BUILDING A BETTER BANSHEE FROM THE BOTTOM UP
Our project Banshee’s riding days came to a sudden end years ago when it was run hard in the dunes without proper carburetor jetting. When excess combustion heat caused the pistons to fail, debris from the melting pistons took out the crank, completely wasting the engine. Rebuilding a stock crank can be costly, so we ordered a complete long-rod stroker crankshaft assembly from Hot Rods. The crank can boost displacement up to 403cc. Vertex 66mm pistons gave us 397cc. The stroker crank comes fully assembled and trued with new bearings and rods and requires special pistons and a special gasket kit or head machining for proper piston dome-to-cylinder head clearance. Phathead Racing modified our cylinder head domes to accept the special pistons. A Vitos jet kit provided jetting to keep the engine running crisp without worries of lean jetting making it crispy.
While the engine was being rebuilt, we saw the stock reeds were looking rough, so we replaced them with Moto Tassinari V-Force high-performance reed assemblies. A new Uni Filter replaced the aged stock part. FMF, one of the best sources for high-performance exhausts, still sells the famous “Fatty” expansion chambers and Powercore 2 silencers we loved so much back when you could walk into a Yamaha dealer and buy a brand-new Banshee.
UPGRADING THE HANDLING
The Banshee’s basic, non-rebuildable front shocks are adequate for a stock 350 when they’re fresh, but our ’04s were tired. Race Tech’s rebuildable G3-S shocks gave the Banshee state-of-the-art front suspension, and Race Tech fully rebuilt the stock rear shock to give the Yamaha a balanced, better-than-new feel. The Banshee’s tires and wheels had also seen better days, so we replaced the wasted original rolling stock with DWT XC tires on DWT aluminum wheels.
GETTING ON IT
Riding any Banshee is electrifying from the moment you light the thing off with the kickstarter. Firing up a big-bore version tuned for race gas with racing exhausts is a flood of good sensations. The crackle from the pipes and the aroma of race fuel and two-stroke oil let you know the two-stroke twin is ready to get to work.

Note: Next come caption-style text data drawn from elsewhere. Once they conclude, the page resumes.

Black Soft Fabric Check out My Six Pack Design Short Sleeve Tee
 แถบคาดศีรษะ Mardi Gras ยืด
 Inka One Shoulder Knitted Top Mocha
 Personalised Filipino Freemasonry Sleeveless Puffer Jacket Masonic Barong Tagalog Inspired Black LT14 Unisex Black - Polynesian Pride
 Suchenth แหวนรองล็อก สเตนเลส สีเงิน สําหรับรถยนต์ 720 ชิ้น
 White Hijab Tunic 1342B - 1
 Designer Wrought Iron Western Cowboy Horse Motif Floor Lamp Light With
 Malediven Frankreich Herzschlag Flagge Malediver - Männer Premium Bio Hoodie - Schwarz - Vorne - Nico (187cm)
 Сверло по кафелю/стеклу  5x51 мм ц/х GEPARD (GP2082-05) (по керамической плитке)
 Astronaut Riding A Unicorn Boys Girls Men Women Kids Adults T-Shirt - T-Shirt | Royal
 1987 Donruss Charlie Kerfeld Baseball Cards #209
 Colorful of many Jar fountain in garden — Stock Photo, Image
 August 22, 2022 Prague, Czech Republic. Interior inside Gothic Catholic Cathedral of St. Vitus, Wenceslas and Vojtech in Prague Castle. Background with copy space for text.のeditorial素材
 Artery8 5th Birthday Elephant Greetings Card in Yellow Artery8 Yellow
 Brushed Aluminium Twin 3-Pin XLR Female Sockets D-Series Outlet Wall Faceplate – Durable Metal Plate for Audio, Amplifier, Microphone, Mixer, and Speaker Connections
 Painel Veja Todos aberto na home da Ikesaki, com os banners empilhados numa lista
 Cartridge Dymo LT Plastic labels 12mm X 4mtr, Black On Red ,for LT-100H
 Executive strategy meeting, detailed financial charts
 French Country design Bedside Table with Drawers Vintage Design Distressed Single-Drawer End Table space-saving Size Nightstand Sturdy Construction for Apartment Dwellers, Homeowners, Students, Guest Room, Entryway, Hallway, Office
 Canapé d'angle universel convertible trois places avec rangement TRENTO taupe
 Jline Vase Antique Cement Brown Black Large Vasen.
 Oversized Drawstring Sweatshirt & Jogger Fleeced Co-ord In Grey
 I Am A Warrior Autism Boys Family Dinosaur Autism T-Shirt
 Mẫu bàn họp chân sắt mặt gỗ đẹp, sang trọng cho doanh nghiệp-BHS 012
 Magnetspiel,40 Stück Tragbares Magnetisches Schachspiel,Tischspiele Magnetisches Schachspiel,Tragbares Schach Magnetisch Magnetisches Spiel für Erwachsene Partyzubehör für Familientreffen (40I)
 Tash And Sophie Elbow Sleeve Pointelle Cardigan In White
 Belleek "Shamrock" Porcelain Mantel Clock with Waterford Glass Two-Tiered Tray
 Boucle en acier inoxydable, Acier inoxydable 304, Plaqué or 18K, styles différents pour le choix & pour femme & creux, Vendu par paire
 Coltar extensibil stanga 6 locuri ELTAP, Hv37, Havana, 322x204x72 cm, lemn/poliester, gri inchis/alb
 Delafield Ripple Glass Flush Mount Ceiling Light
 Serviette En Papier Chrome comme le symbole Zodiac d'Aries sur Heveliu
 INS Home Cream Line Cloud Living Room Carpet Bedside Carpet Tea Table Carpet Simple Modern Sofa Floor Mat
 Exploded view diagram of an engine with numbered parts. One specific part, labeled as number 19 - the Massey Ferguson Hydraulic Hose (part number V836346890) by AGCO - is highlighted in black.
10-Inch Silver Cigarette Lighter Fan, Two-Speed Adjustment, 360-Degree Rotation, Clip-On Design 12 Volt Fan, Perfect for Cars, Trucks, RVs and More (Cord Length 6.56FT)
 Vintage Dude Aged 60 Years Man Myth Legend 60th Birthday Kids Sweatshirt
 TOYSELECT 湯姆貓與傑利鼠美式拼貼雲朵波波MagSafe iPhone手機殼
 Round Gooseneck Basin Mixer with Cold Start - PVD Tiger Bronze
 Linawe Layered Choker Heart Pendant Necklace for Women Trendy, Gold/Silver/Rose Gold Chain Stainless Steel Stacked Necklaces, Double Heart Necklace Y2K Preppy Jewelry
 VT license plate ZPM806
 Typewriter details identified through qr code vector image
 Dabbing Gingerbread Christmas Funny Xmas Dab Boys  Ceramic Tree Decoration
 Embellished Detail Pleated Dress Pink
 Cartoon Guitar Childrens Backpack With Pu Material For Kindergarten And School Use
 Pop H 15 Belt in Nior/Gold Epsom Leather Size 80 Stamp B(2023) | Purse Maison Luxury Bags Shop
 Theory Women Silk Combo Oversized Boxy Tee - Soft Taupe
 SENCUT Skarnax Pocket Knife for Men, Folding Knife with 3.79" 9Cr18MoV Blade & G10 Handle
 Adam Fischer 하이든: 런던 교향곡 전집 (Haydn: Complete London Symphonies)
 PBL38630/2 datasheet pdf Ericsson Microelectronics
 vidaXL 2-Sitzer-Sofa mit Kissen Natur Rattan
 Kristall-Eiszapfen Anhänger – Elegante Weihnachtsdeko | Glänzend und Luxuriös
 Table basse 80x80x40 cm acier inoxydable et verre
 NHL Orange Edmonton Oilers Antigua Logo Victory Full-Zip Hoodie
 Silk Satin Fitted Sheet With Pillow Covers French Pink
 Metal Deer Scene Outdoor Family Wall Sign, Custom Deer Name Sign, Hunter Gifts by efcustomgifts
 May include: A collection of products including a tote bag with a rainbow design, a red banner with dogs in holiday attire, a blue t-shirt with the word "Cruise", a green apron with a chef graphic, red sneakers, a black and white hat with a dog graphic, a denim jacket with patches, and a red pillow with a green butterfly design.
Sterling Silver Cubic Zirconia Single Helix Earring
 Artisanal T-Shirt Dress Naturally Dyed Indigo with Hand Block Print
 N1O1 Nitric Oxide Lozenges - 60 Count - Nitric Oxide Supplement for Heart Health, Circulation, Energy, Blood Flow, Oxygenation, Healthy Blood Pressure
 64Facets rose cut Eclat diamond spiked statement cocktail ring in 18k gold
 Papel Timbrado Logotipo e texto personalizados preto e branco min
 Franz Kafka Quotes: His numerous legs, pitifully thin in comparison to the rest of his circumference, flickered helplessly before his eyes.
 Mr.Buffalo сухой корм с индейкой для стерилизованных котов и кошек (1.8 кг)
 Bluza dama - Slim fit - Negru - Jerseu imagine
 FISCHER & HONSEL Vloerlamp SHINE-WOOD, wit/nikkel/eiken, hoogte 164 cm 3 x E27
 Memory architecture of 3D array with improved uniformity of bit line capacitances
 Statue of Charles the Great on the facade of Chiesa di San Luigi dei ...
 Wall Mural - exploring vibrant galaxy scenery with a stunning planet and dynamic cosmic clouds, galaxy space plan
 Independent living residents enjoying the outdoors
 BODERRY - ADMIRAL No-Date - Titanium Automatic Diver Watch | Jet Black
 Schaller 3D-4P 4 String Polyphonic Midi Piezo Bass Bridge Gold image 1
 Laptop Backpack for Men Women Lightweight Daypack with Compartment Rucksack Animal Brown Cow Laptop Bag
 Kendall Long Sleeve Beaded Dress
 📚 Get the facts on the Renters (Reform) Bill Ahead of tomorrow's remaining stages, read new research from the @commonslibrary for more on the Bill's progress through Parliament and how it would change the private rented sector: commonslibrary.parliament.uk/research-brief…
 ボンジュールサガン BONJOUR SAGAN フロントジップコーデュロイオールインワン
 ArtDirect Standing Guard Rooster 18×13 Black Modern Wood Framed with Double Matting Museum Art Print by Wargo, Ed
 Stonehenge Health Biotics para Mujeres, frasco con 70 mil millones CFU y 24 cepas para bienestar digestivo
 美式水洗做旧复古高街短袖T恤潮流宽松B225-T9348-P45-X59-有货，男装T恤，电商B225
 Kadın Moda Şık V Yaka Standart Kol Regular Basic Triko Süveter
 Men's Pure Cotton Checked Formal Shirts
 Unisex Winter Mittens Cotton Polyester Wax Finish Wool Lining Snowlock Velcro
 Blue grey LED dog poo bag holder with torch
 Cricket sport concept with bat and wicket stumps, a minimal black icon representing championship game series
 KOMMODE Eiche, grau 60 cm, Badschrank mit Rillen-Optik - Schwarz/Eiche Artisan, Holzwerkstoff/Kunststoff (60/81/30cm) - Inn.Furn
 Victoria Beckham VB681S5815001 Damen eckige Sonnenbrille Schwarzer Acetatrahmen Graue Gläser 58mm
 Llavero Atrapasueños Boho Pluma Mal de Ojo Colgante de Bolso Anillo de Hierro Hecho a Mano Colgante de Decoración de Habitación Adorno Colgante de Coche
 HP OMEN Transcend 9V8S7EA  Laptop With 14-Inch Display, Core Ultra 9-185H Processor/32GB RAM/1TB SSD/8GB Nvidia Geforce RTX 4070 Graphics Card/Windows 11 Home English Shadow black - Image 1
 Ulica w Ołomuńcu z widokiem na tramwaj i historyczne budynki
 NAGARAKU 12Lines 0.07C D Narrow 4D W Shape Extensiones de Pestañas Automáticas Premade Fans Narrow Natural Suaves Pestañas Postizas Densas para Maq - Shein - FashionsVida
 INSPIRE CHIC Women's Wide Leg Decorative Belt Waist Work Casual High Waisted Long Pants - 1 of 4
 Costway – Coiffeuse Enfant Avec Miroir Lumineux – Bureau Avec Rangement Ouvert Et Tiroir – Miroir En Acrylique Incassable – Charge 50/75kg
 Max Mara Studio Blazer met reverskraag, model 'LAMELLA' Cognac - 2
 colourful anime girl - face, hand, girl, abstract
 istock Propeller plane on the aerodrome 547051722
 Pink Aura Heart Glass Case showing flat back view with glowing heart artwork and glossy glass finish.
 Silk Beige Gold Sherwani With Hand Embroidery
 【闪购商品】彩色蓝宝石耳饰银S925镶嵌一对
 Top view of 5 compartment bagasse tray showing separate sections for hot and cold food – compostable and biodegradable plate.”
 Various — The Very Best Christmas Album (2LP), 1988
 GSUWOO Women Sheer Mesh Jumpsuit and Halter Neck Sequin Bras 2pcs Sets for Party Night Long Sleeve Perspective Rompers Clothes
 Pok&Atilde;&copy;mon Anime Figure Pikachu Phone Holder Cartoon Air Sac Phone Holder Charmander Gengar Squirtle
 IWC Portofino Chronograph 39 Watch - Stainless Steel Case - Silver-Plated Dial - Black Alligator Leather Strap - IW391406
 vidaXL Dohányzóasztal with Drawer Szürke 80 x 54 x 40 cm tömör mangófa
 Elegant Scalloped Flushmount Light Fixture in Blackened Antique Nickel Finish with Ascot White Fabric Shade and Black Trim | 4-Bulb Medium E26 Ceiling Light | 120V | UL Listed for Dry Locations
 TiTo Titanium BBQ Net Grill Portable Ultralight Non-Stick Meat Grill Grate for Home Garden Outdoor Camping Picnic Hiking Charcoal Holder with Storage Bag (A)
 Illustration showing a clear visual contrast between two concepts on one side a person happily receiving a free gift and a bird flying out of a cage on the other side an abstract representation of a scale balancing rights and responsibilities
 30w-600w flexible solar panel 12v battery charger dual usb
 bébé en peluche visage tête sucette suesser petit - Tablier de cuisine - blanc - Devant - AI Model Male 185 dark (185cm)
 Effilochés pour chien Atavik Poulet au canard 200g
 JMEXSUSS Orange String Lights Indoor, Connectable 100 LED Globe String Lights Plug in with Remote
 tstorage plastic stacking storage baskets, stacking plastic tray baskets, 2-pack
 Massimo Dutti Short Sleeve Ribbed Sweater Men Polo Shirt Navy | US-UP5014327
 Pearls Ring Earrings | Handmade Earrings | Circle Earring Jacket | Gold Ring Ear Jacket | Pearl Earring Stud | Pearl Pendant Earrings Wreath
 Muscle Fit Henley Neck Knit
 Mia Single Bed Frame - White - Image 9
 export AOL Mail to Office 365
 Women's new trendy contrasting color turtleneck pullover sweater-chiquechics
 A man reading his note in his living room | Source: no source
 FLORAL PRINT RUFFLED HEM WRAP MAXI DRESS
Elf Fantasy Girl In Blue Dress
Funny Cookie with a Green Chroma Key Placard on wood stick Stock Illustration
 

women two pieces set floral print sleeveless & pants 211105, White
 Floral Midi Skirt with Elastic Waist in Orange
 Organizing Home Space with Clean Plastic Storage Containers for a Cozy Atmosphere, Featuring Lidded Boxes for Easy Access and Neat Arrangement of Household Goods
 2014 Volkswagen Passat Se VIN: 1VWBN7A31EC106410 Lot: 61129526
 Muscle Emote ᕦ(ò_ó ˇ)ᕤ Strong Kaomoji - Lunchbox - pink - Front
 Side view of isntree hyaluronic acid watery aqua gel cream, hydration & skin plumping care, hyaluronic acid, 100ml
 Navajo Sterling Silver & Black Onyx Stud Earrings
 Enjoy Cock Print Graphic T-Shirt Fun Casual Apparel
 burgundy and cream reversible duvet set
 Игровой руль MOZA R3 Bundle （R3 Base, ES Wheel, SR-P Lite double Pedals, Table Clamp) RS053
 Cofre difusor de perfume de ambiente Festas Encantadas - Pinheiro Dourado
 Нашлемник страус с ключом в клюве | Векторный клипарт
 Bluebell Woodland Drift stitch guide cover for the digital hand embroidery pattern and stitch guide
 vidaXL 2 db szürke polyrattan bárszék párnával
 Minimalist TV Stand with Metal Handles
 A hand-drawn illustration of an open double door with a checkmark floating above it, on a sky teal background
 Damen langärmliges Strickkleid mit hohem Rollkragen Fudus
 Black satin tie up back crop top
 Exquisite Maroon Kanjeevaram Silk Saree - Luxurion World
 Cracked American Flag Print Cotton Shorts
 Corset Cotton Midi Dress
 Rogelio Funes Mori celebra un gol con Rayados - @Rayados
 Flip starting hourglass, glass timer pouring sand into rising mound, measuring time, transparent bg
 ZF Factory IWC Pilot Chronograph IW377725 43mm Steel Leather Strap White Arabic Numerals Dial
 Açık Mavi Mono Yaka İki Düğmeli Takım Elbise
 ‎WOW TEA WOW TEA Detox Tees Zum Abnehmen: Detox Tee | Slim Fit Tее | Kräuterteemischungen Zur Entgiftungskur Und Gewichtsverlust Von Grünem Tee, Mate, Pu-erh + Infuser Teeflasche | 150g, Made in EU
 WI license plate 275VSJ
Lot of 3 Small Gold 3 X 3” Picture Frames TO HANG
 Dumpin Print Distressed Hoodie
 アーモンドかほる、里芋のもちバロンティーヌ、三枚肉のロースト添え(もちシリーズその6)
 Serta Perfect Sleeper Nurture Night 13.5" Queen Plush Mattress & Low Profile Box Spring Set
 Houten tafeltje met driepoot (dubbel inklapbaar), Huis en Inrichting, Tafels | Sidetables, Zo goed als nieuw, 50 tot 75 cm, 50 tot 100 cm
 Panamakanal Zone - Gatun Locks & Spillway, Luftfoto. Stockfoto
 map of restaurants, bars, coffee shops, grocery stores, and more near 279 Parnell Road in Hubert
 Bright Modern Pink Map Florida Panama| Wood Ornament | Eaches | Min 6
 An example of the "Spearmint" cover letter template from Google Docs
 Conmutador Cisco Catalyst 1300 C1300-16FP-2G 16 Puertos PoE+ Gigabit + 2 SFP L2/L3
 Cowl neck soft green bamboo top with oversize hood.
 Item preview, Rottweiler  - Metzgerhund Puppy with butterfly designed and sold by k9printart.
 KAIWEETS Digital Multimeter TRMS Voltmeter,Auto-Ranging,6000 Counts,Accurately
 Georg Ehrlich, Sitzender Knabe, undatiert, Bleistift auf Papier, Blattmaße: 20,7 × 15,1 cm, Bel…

Stock Banshees are light on low-end power, but our long-stroke, high-compression mill pulls solidly off the bottom. As with all Banshees, when it comes on the pipes, there’s just nothing like it. The 400 makes a stock 350 feel like somebody pulled a plug wire off. Feeling the power hit is so much fun, we backed out of the throttle again and again just to feel its afterburner-like acceleration kick in.
Race Tech’s G3-S shocks and the expertly rebuilt and -valved rear shock eliminated the Banshee kick we didn’t care for. Stock Banshee suspension is harsh. The Race Tech components are plush and responsive and have much better bottoming resistance for big G-outs and jump landings. Our project machine delivers all the excitement we’ve always loved the Banshee for, with better handling and the power dialed to 11. Memories have a way of beating reality, but this Yamaha makes us want to live in the present.